Poseł Matecki został szczęśliwie aresztowany! Przypomnijmy, że jest to parlamentarzysta opozycyjny, a nie z koalicji obecnie nami rządzącej. Gdyby poseł Matecki był zasilał szeregi np. KO czy ZSL, to Agnacja Bezpieczeństwa Wewnętrznego mogłoby posła Mateckiego co najwyżej pocałować w d…(jak tu pisać prosto i celnie, gdy szanowna Korekta nie śpi), to jest w miejsce poniżej pasa i to z drugiej strony.
Poseł Matecki dzień wcześniej (przed zatrzymaniem) był w prokuraturze ze szczoteczką do zębów i zapasowym zestawem kalesonów oraz żonobijek (aha, pilne zadanie dla chłopców i dziewczynek z ABW, sprawdzić czy aby przypadkiem poseł nie bije regularnie żony: swojej lub obcej), ale prokurator czasu nie miał, zarobiony był, a tak w ogóle to się na sprawie nie znał. Zamknął się biedaczysko w toalecie i szukaj wiatru w polu. Znaczy się jakaś wyjątkowo bystra sztuka z tego prokuratora jest. Taki człowiek to istny skarb i jeszcze w przyszłości może się przydać, gdy trzeba będzie kogoś nie aresztować.
Tak więc posła Mateckiego odprawiono z kwitkiem i ten zamiast zeznawać o swych licznych „zbrodniach” w prokuraturze pojechał do TV Republika, gdzie godzinami „zeznawał” przed kamerami. „Zeznawał” za okratowanymi i wzmocnionymi ryglami drzwiami, które red. Sakiewicz zainstalował na wypadek próby nagłego wtargnięcia przez…nie, nie przez bandytów, ale właśnie przed gwałtownym najściem osiłków z ABW. Śmieszności w tej historii jest więc co niemiara. Na drugi dzień poseł Matecki wsiadł (jak gdyby nigdy nic) do samochodu i ruszył w stronę warszawskiej prokuratury, a nuż trafi na człowieka, który sprawę – chociaż pobieżnie – zna, a drogi do toalety nie. Niestety, do prokuratury poseł Matecki o własnych siłach nie dotarł! Drogę zastąpiły mu dzielne byczki z ABW, w jakże niezwykle twarzowych kominiarkach, którzy wyciągnęli posła PiS z samochodu i uprowadzili w nieznanym kierunku. Aż miło było patrzeć na tę całą akcję, bo człowiek (na własne piękne oczęta) widzi, na co idą jego ciężko zarobione pieniądze! Na circus, na Circus Maximus.

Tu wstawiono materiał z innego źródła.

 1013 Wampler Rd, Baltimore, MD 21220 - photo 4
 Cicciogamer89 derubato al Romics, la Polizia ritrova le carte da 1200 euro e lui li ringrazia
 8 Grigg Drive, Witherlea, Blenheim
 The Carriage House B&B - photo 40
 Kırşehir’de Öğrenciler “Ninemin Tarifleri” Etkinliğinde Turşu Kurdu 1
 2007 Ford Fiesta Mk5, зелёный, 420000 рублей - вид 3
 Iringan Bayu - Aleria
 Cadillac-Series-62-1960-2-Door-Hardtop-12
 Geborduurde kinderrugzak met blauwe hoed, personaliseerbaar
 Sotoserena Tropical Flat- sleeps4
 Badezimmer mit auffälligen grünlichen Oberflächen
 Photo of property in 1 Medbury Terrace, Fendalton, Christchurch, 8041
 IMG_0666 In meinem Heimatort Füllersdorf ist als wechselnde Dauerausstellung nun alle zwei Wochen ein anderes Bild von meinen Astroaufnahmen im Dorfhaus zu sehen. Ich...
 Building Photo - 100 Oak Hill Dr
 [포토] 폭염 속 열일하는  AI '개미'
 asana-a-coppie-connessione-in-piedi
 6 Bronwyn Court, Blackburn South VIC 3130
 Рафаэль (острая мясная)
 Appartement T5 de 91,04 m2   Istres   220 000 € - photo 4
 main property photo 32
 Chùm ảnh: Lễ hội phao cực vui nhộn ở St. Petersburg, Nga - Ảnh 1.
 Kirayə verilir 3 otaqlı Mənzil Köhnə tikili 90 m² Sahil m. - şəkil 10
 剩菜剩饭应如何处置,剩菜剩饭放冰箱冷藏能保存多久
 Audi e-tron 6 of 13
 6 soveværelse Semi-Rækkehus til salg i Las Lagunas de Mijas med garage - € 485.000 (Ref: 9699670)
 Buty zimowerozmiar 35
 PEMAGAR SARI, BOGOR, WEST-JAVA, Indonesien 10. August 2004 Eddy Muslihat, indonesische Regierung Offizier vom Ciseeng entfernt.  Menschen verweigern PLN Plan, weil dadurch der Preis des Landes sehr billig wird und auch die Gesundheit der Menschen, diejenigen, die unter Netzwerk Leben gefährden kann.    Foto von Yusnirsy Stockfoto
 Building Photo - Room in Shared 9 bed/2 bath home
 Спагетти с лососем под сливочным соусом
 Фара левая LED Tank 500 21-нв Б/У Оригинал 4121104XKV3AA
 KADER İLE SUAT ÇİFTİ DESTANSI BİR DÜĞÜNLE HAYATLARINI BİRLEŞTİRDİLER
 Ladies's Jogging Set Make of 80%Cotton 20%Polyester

Teraz zapewne posła Mateckiego gdzieś tam grilują i opiekają na wolnym ogniu, by wyjawił wszystkie grzechy dzieciństwa i liczne przestępstwa popełnione (lub nie) w zbrodniczej formacji, która dla niepoznaki nosi nazwę „Prawo i Sprawiedliwość”. I na koniec mam pytanie do pana posła Czarnka, czy aby na pewno chce nadal zawiązywać koalicję z ZSL-em, które żyruje tan cały bur…, znaczy się dom uciech?